CMAT won best album for Euro-Country at the 2026 Ivor Novello awards on Thursday, as the Irish singer-songwriter’s record was recognised for turning her own romantic and existential crises into a wider portrait of recession-hit Ireland.
The 25th Ivors, which honour the best in British and Irish songwriting and screen composition, also crowned Jacob Alon, Rosalía and Sam Fender among the night’s other winners. Alon, whose debut album In Limerence was released in May 2025 and later nominated for the Mercury prize, picked up rising star and best song musically and lyrically for Don’t Fall Asleep after winning the critics’ choice award at the Brit awards in February. Rosalía was named international songwriter of the year, Fender took songwriter of the year, and Lola Young’s Messy won most performed work.
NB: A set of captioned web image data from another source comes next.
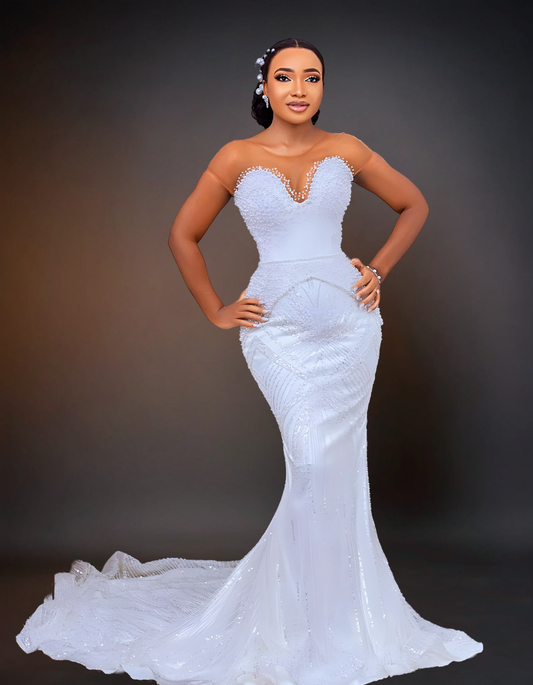 A stunning luxury wedding dress that features intricate beading and a long cape. It has a removable overskirt that adds versatility to the design.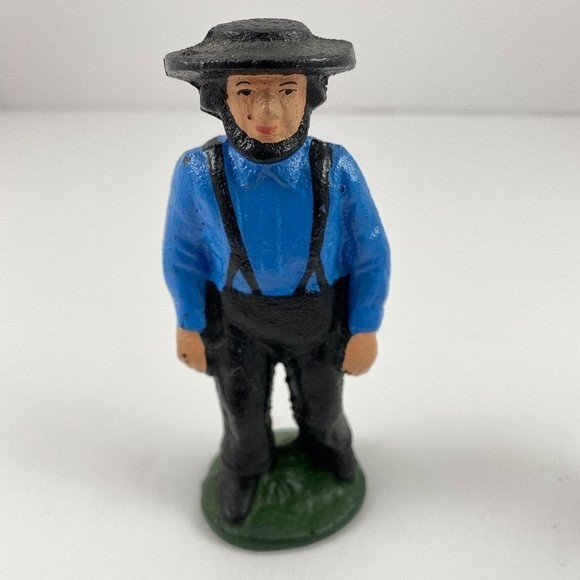 il_340x270.4067078686_traj.jpg Amish Man and Woman Heavy metal cast iron pair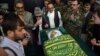 Relatives and friends gather around the coffin of Afghan reporter Zabihullah Tamanna, who was killed in a Taliban ambush in June 2016.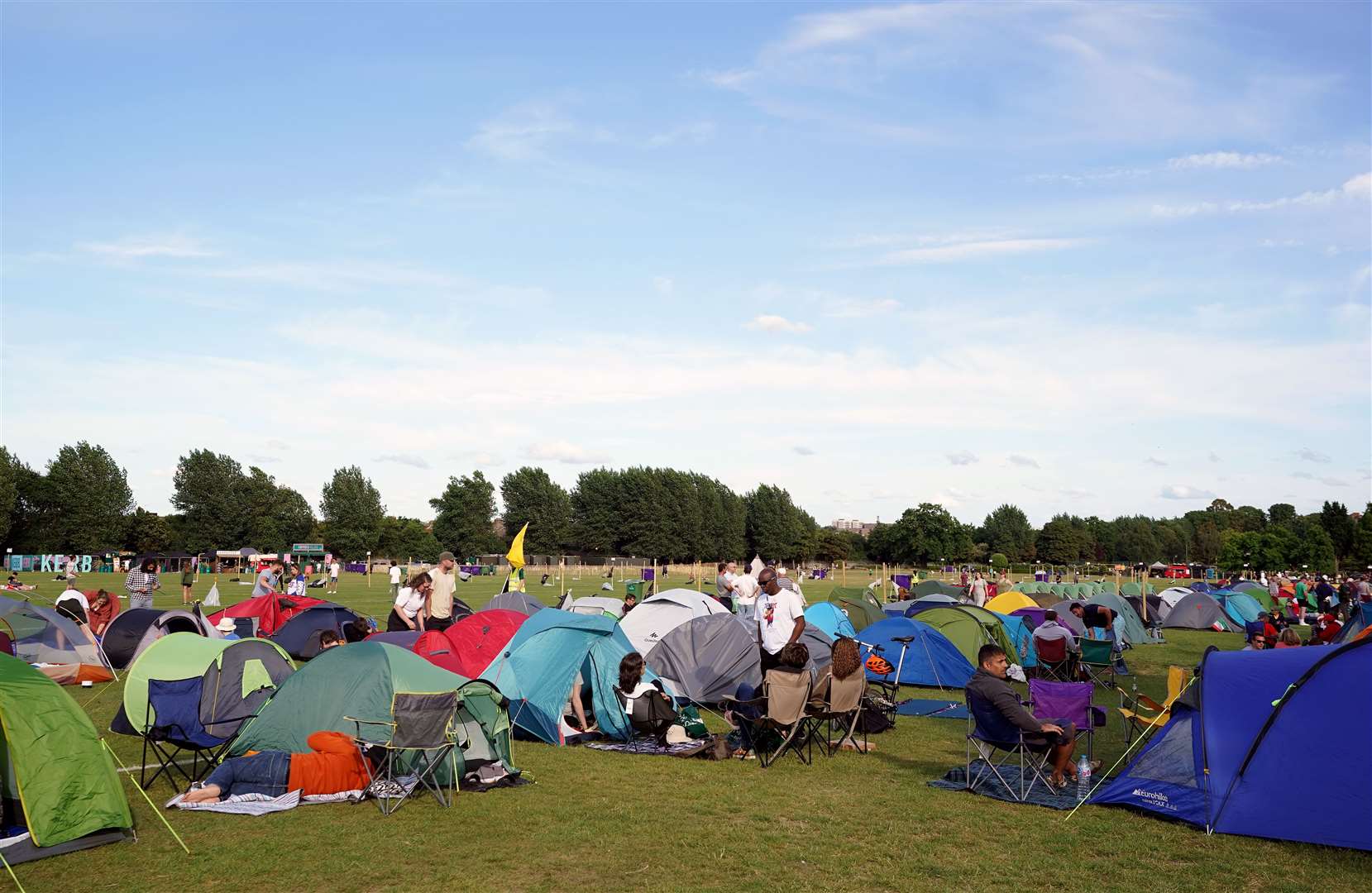 Campers form the overnight queue ahead of the 2022 Wimbledon Championship (Zac Goodwin/PA)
CMAT’s victory adds another major prize to a record that has already marked her out as one of the sharpest writers in contemporary pop. Euro-Country was praised in the ceremony’s results for folding private doubt into a broader social picture, with the album’s central tension coming from the way personal strain and national hardship sit side by side rather than apart. For an awards body built around songwriting craft, that mix of candour and scope clearly carried weight.
The rest of the ceremony reinforced that message. Tom Hodge won best original film score for Testimony, while David Holmes and Brian Irvine took best television soundtrack for Belfast-set drama Trespasses. The spread of winners across album, song, screen composition and television underlined how broad the Ivors’ reach has become, but also how firmly the night remained focused on writing rather than scale, sales or spectacle.
For CMAT, the result answers the question that hovered over Euro-Country from the start: whether an album rooted in intimate turbulence could land as a major statement about the world around it. The judges’ answer was yes, and they gave it the top album prize.